## **REMARKS**

Claims 1-61 are pending. In the Office Action dated September 28, 2004, the Examiner took the following action: (1) rejected claims 25-27, 29, 32-36, 38-40, 46-50, 52-54 and 60-61 under 35 U.S.C. § 102(e) as being anticipated by U.S. Patent No. 6,115,809 to Mattson, Jr. et al.; (2) rejected claims 1-4, 6-8, 13-15 and 17-24 under 35 U.S.C. § 103(a) as being obvious over the patent to Mattson, Jr. et al. and in view of U.S. Patent No. 5,765,037 to Morrison, et al.; (3) rejected claims 5, 12 and 16 under 35 U.S.C. § 103(a) as being obvious over the patent to Mattson, et al. and Morrison, et al. as applied to claims 1 and 15 above, and further in view of U.S. Patent No. 6,272,599 to Prasanna; (4) rejected claims 9-11 under 35 U.S.C. § 103(a) as being obvious over the patent to Mattson, et al. and Morrison, et al. as applied to claim 1 above, and in further view of U.S. Published Patent Application No. 2002/0078268 to Lasserre; (5) rejected claims 28, 37, 45 and 51 under 35 U.S.C. § 103(a) as being obvious over the patent to Mattson, et al. as applied to claims 25, 34 and 48 above, in view of Prasanna; (6) rejected claims 30-31, 41-44 and 55-58 under 35 U.S.C. § 103(a) as being obvious over the patent to Mattson, et al. as applied to claims 25, 34 and 48 above, in view of Lasserre; and (7) rejected claim 59 under 35 U.S.C. § 103(a) as being obvious over the patent to Mattson, et al. and Lasserre as applied to claim 58 above, and further in view of Prasanna.

The disclosed embodiments of the invention will now be discussed in comparison to the applied references.
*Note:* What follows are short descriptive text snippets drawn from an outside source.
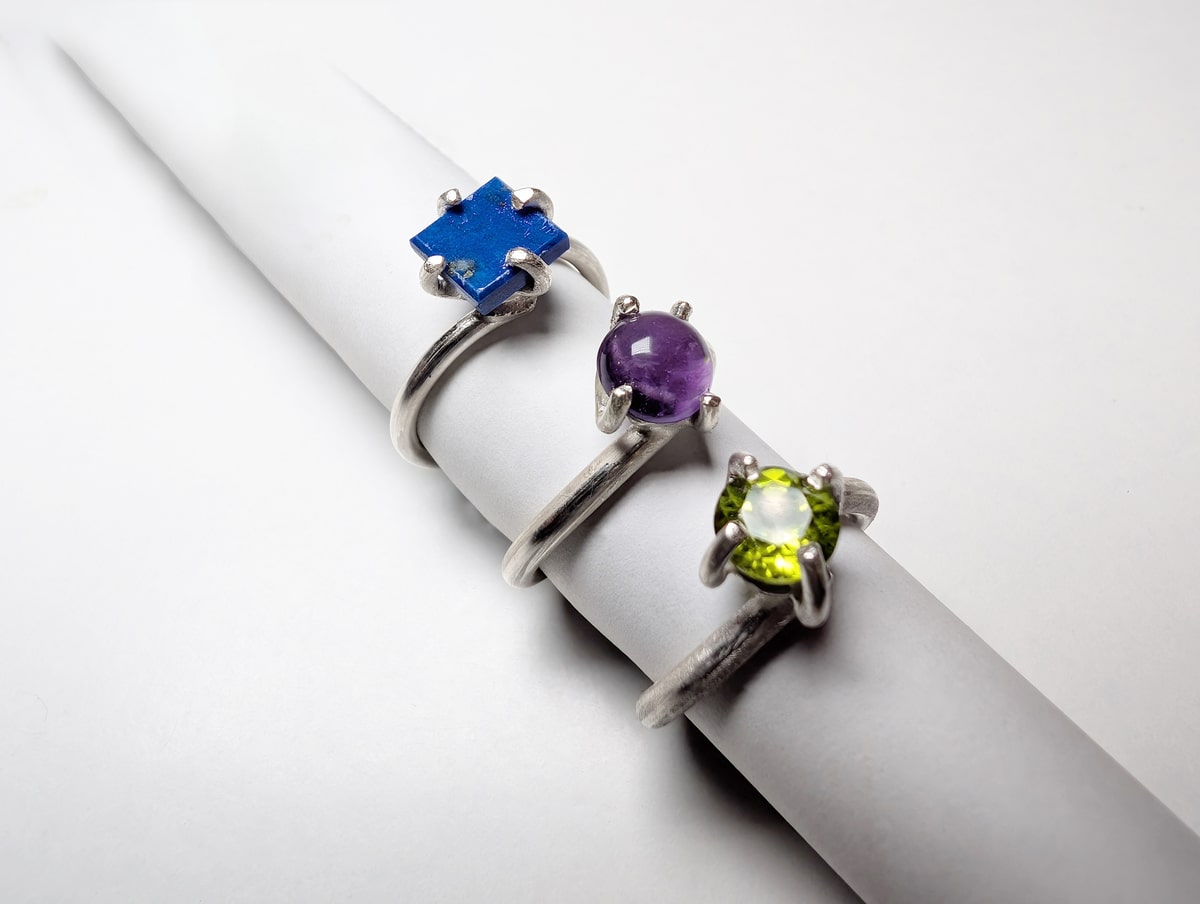 Tutorial # 16: Silver rings with 4 claw stone setting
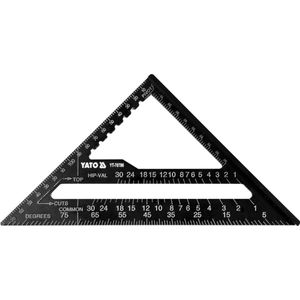 Yato YT-70786, Geodreieck, Schwarz, Aluminium, cm, Zoll, mm, 18 cm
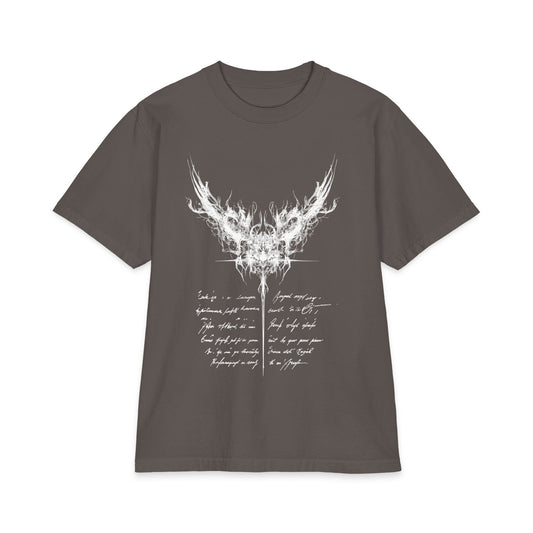 Gothic Smoke Wing T‑Shirt — Script Poem Graphic Tee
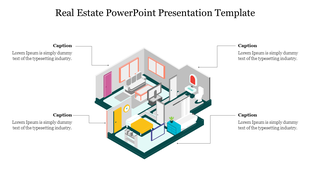 Real estate-themed slide displaying a family standing in front of a sold home, representing successful property transactions.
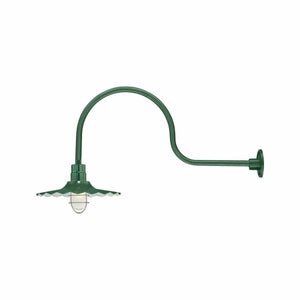ECO-RLM 18'' Satin Green Radial Wave Shade With Gooseneck 30'' Satin Green Gooseneck Arm With Arm Height of 13''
Of course, the discussion of the disclosed embodiments, and the discussion of the differences between the disclosed embodiments and the subject matter described in the applied references, do not define the scope or interpretation of any of the claims. Instead, such discussed differences merely help the Examiner appreciate important claim distinctions discussed thereafter.

The disclosed invention is directed to a system and method for improving the efficiency of caching instructions executed by a processor. Rather than relying on the conventional approach of caching instructions based on either how frequently or how recently an instruction was executed, the disclosed caching system and method determines the cacheability of an instruction at compilation based on other factors, some of which are described in the

specification. Based on this cacheability determination during compilation, the instructions are marked with at least one bit corresponding to the determination. During execution of the instructions, the cacheability bit is detected and used by a computer system to either cache or not cache the instruction.

For reasons that will be explained below, it is important to understand the difference between caching, branch prediction and instruction reordering, all of which are techniques to improve the rate at which a processor can execute instructions. Caching attempts to store instructions that are frequently executed in a cache memory. The processor can fetch instructions from cache memory much more quickly than the processor can fetch instructions from main or system memory. As a result, the instructions that are frequently executed can be fetched by the processor much more quickly than other instructions. Cache memory generally uses static random access ("SRAM") devices, which is relatively expensive, *i.e.*, has a relatively high price per byte of storage. In contrast, main or system memory, which generally uses dynamic random access ("DRAM") devices, is relatively inexpensive, *i.e.*, has a relatively low price per byte of storage. It is therefore not feasible to store all of the instructions that will be executed in the cache memory. Instead, the instructions that are less likely frequently executed are stored in main memory. As a result, in a cache system, a choice is made as to which instructions are stored in cache memory and which instructions are stored in main memory or some other memory.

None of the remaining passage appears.